Can Fully Vaccinated People Still Spread Covid-19? Dr. Fauci Settles it Once and for All

Dr. Fauci

The nation’s top infectious disease expert breaks down what research shows.

The rise of the Delta variant has sparked new questions about whether fully vaccinated people can spread Covid-19.

An internal CDC report found that the highly contagious strain is just as contagious as chickenpox. And in light of new information about the variant’s ability to spread even among those with both shots, the CDC has now instructed Americans with both shots to mask up again indoors where transmission rates are higher.

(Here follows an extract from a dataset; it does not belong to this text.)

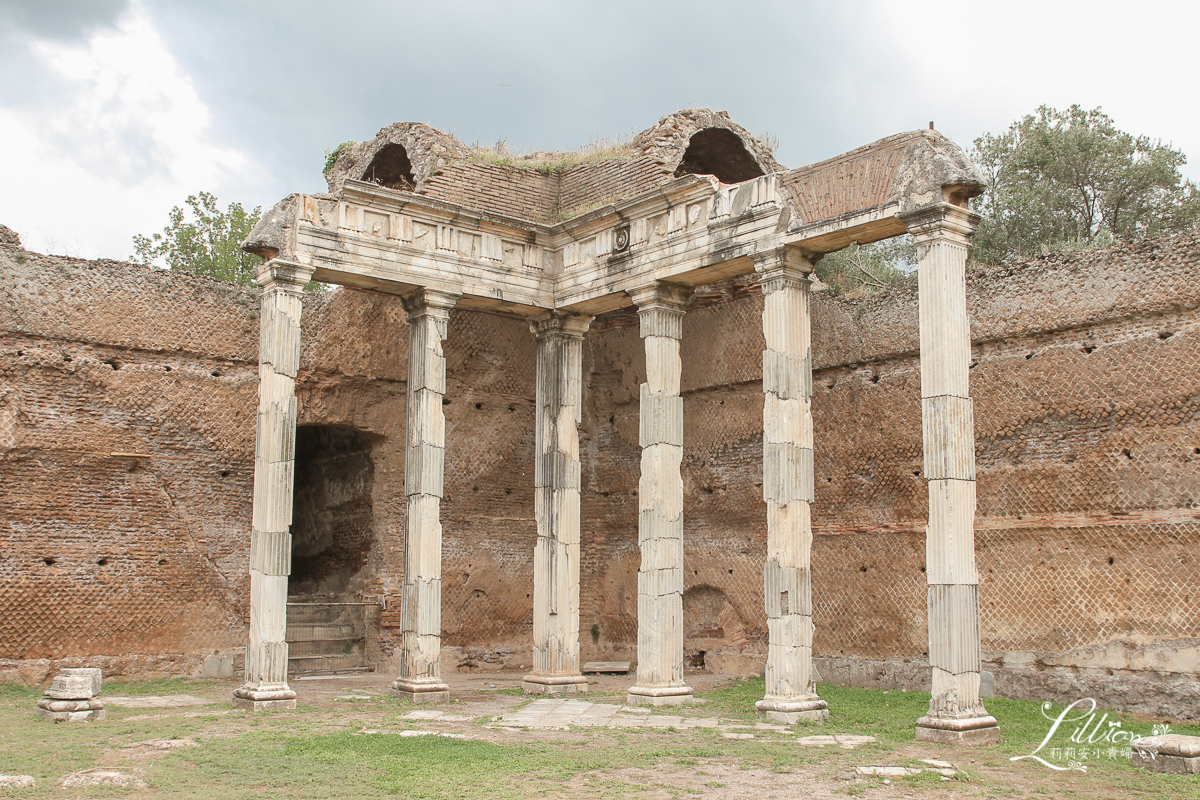 哈德良別墅, Villa Adriana, 義大利自由行, 羅馬自由行, 義大利自助旅行, 蒂沃利, Tivoli, 哈德良皇帝, 哈德良別墅交通方式, 羅馬浴場, 卡諾普斯, Canopus, 羅馬行程, 羅馬自助旅行, 羅馬推薦景點, 義大利景點推薦, 蒂沃利哈德良別墅, 蒂沃利哈德良別墅交通方式,羅馬別墅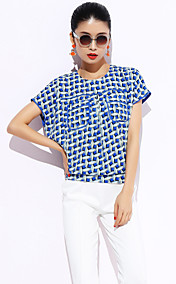 TS Print Short Sleeve Blouse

So Katie turned to Dr. Fauci, the nation’s top infectious disease expert, for some answers in a new video interview. The short answer is yes: vaccinated people can still transmit the coronavirus to others. Echoing previous comments made by CDC director Dr. Rochelle Walensky, he explained that vaccinated individuals can still get Covid-19. But, in most cases, “they’re either without symptoms or only mildly symptomatic,” he said. “So it’s less that it’s going to make the vaccinated person sick. It’s more that it’s going to allow the vaccinated person to transmit it to someone else who might get sick, like a vulnerable person in the family, an elderly individual, a child who’s unvaccinated.”

He added that vaccinated individuals who become infected have the virus in their noses and can spread it at roughly the same rate as someone who is unvaccinated, but told Katie the vaccinated shed the virus much faster, making them less infectious. “The level of virus in the nasal pharynx of a person who’s vaccinated and infected is the same level as the level of virus in the nasal pharynx of an unvaccinated person, so you can make a reasonable assumption that they can be equivalent in how they transmit,” he said. “There’s one thing that works in favor of the vaccinated person: That level, though it starts off the same as an uninfected person, it decreases much more quickly.”

Still, Dr. Fauci emphasized that this doesn’t mean that the vaccine isn’t doing its job. “The vaccine is doing exactly what we wanted it to do,” he said. “It’s preventing people from getting seriously ill — that’s the reason why you get vaccinated.”

Fauci said providing booster shots could help address the rise of variants, and provide “optimal protection” for more vulnerable adults who are immunosuppressed, such as cancer patients receiving chemotherapy and organ transplant recipients. “I think if we need an additional boost, an initial dose to get the optimal protection…I believe that we can do that in this country, particularly for people who were immunosuppressed…They very well may need as part of their primary regimen, a three-shot boost of an mRNA vaccine,” he said.

His comments come as some argue that the U.S. and other countries shouldn’t administer an extra vaccine dose when much of the world doesn’t have access to even the first shot. Due to these concerns about global vaccine inequality, The World Health Organization went so far as to call for a moratorium on administering booster shots as a way to help ensure that doses are available in developing nations.

But Dr. Fauci believes this isn’t an either/or choice. “You certainly want to pay very good attention to getting vaccine doses to the developing world,” he said. “But I believe you can do both — you can boost and get doses to them.”